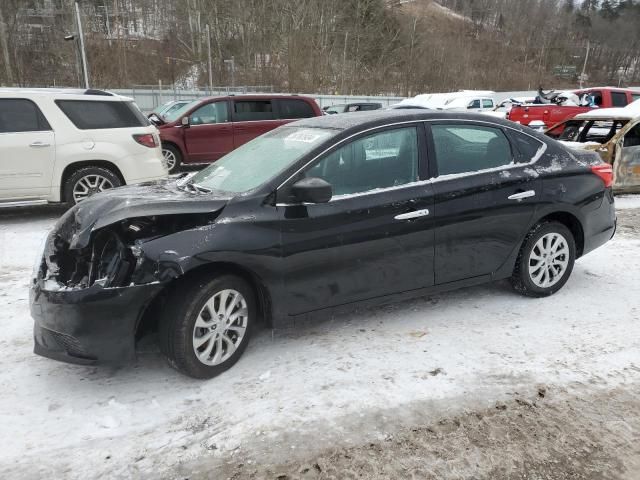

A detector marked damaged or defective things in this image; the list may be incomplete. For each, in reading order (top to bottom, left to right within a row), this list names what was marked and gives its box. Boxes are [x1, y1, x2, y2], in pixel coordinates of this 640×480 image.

crumpled hood [55, 178, 230, 249]
damaged bumper [31, 282, 164, 364]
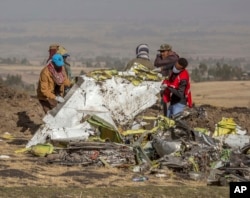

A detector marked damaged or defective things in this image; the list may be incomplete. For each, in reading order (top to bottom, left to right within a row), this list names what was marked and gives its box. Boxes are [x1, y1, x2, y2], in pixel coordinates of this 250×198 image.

torn metal sheet [25, 75, 160, 148]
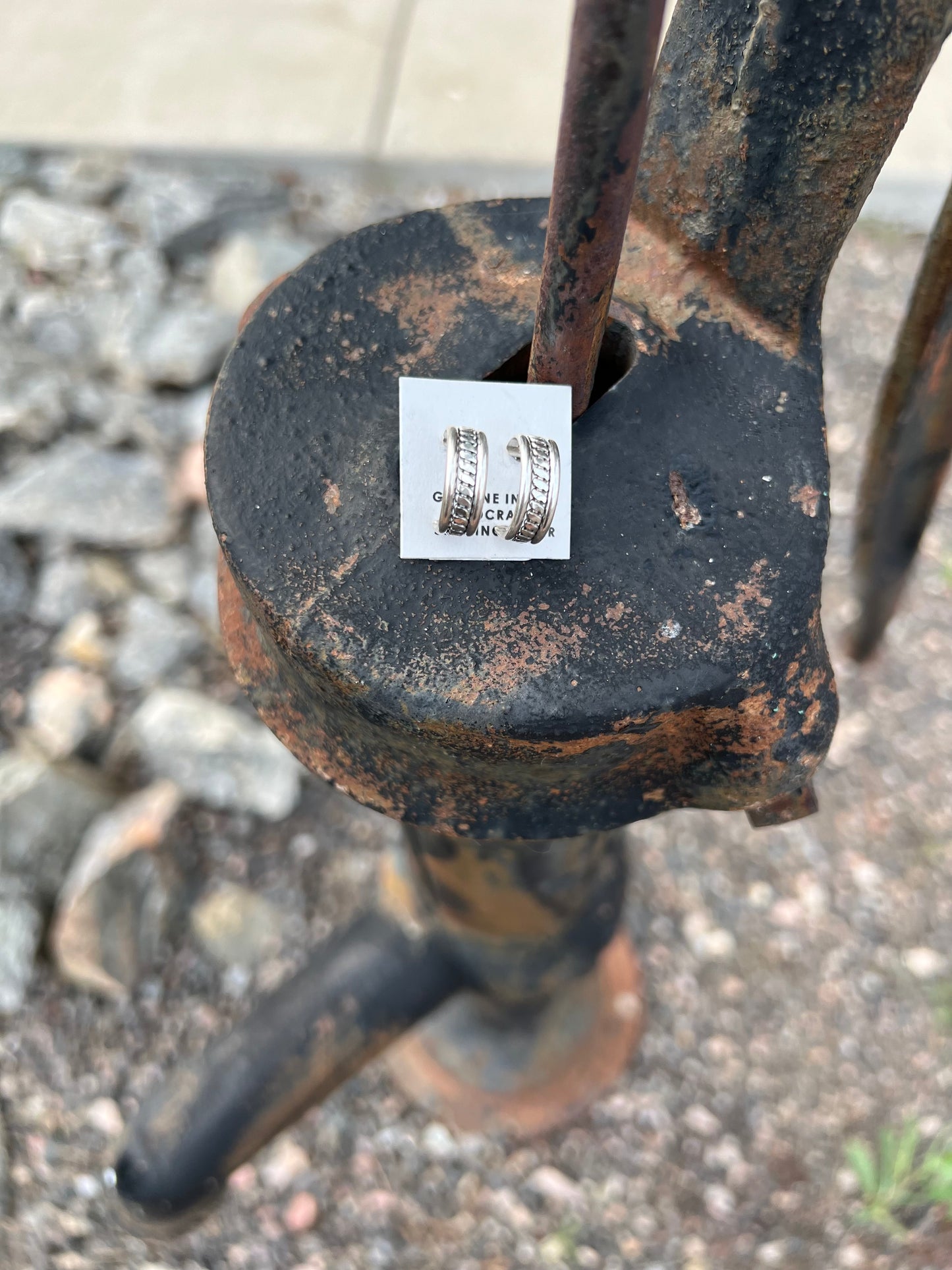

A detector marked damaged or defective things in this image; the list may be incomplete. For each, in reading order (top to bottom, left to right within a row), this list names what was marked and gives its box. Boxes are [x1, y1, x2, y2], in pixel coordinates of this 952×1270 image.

rusty metal post [524, 0, 667, 419]
rusty metal post [854, 183, 952, 659]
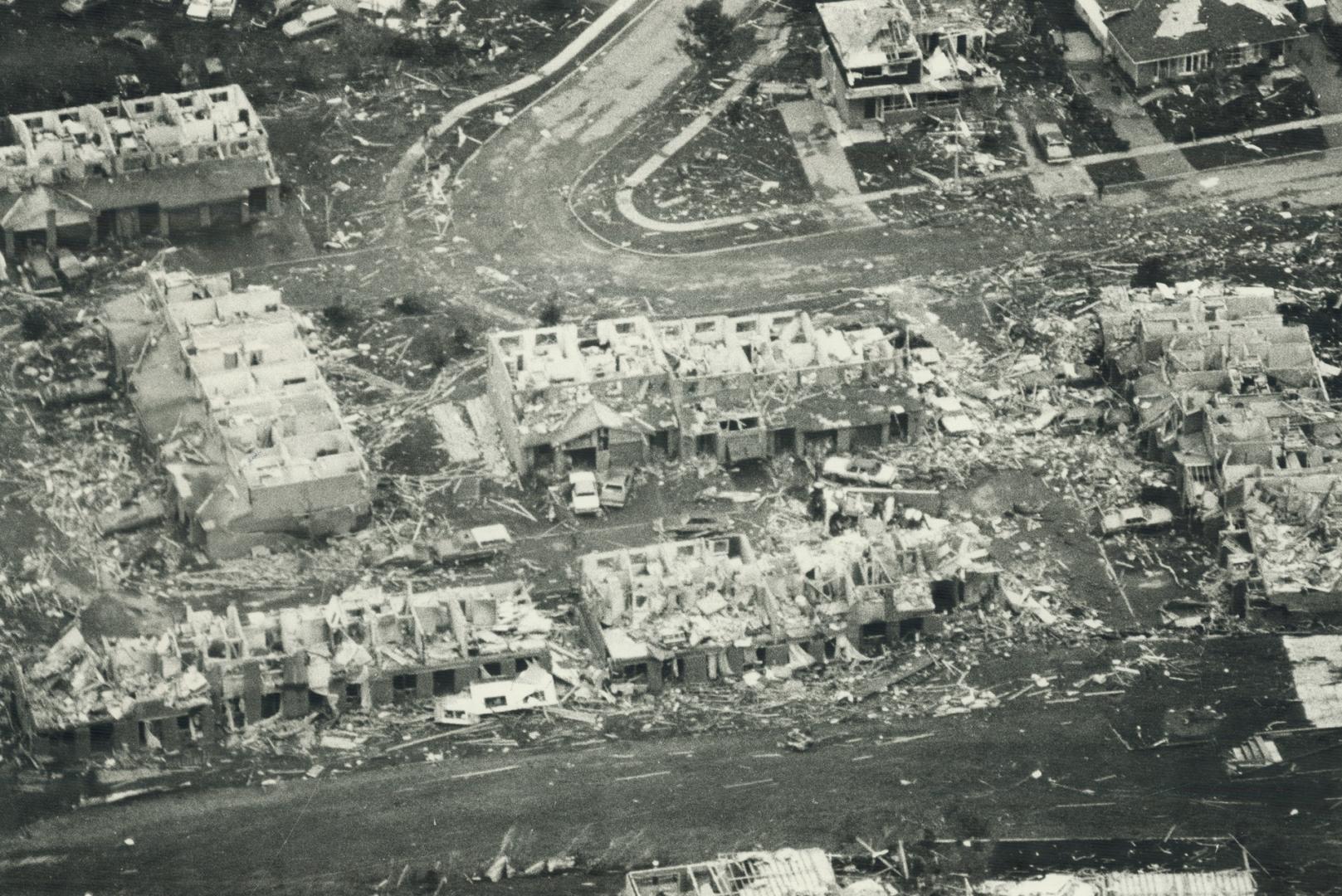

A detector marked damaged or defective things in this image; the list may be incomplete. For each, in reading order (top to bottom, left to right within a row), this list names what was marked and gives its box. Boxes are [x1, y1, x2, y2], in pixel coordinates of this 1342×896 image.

damaged townhouse [813, 0, 1003, 129]
damaged townhouse [0, 85, 277, 259]
damaged townhouse [100, 267, 375, 561]
damaged townhouse [488, 309, 930, 475]
damaged townhouse [1096, 280, 1341, 617]
damaged townhouse [2, 581, 551, 763]
damaged townhouse [571, 524, 989, 687]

--------------------------------

* _Your goal_: Leaving the pictures out, output the material exactly as it appears.

* _Solved exercise_:
A detector marked damaged or defective things in this image; the list may be incomplete. For each, in reading order (top to bottom, left to right within a row), this list names what was marked and gives its box. Boxes are [x1, y1, x2, y2], in pixel coordinates of this 640×480 image.

crumpled hood [55, 178, 230, 249]
damaged bumper [31, 282, 164, 364]

A detector marked damaged or defective things in this image; the list may be incomplete. For each, in reading order (top to bottom, left to right within a row), this list names what was marked and gives its box. Boxes are [x1, y1, x2, y2], in pixel coordinates of this 250×198 image.

torn metal sheet [25, 75, 160, 148]

A detector marked damaged or defective things in this image; the list may be incomplete. For each, in reading order (top to bottom, left to right within a row), this list names what was marked and gives its box. Boxes are [x1, y1, x2, y2], in pixel coordinates of this 952×1270 image.

rusty metal post [524, 0, 667, 419]
rusty metal post [854, 183, 952, 659]

A detector marked damaged or defective things in this image; the list may be incomplete. For each, in reading order (top to bottom, left to right within a row), this list names what was marked and gives its box. Boxes are [x1, y1, x2, y2], in pixel coordinates of this 1342×896 image.

damaged townhouse [813, 0, 1003, 129]
damaged townhouse [0, 85, 277, 259]
damaged townhouse [100, 267, 375, 561]
damaged townhouse [488, 309, 930, 475]
damaged townhouse [1096, 280, 1341, 617]
damaged townhouse [2, 581, 551, 763]
damaged townhouse [571, 524, 989, 687]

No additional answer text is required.